Data provided section start
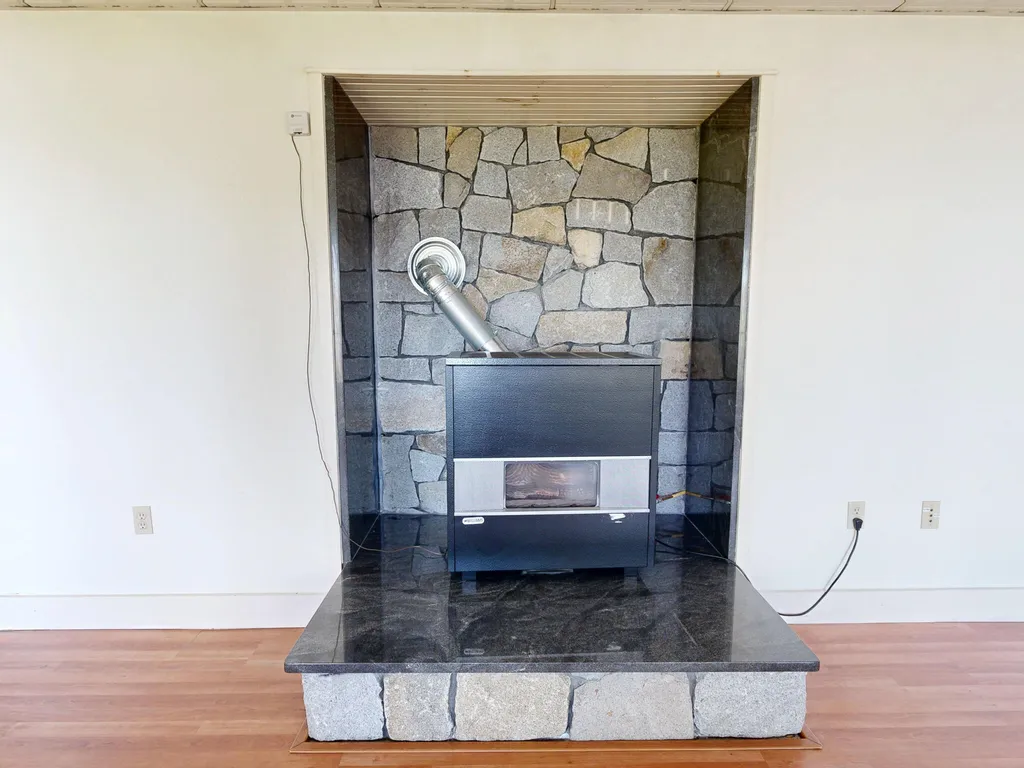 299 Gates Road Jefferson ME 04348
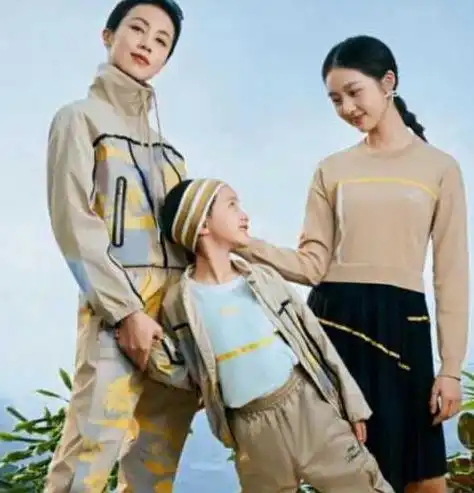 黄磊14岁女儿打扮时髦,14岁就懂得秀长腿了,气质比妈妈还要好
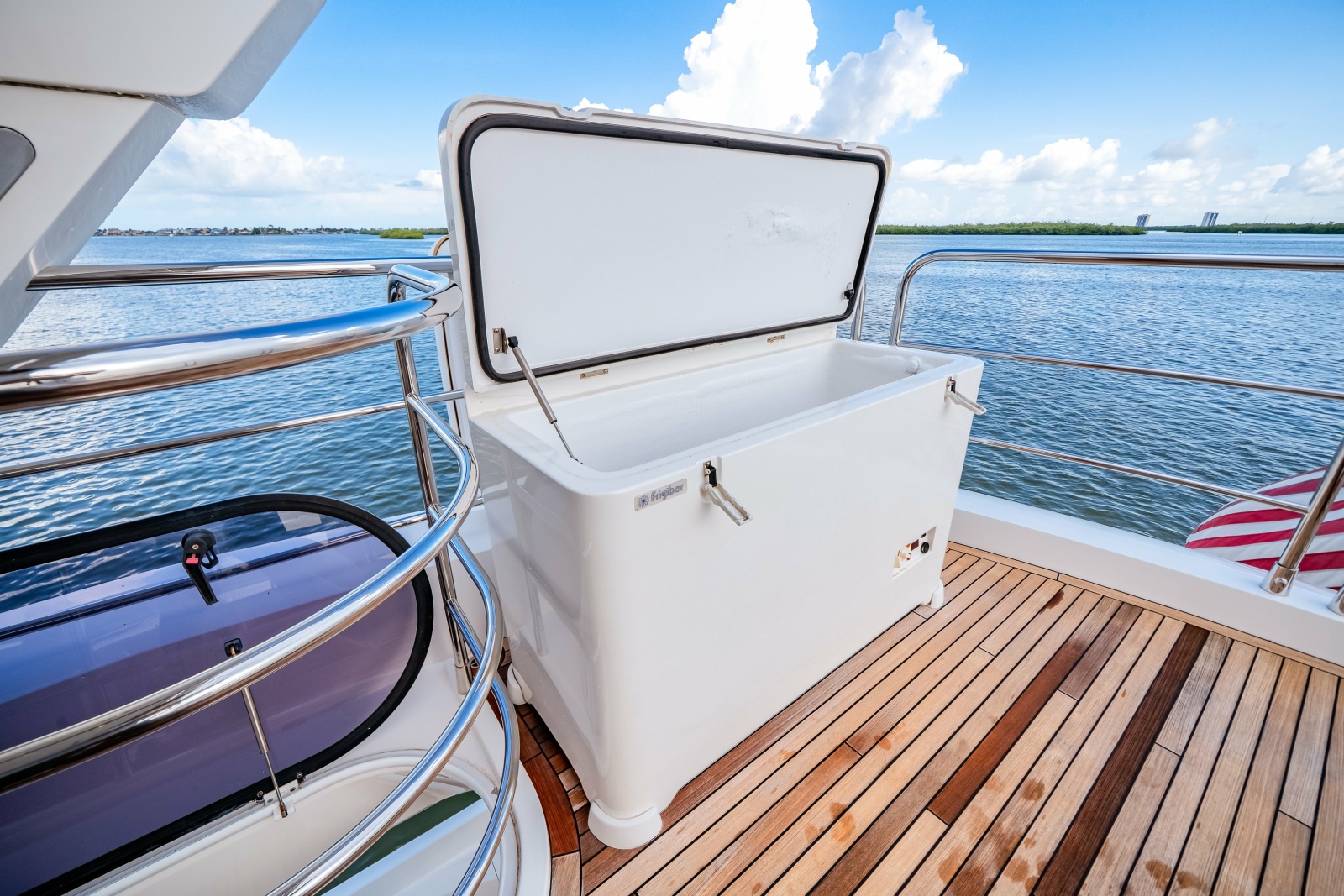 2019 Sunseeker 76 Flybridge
Data provided section end
### What to do
An exact transcription is requested of each line from the one that holds "黄磊14岁女儿打扮时髦,14岁就懂得秀长腿了,气质比妈妈还要好" to the end of the listing above, both boundary lines included; pictures are to be omitted.

### Answer to this exercise
 黄磊14岁女儿打扮时髦,14岁就懂得秀长腿了,气质比妈妈还要好
 2019 Sunseeker 76 Flybridge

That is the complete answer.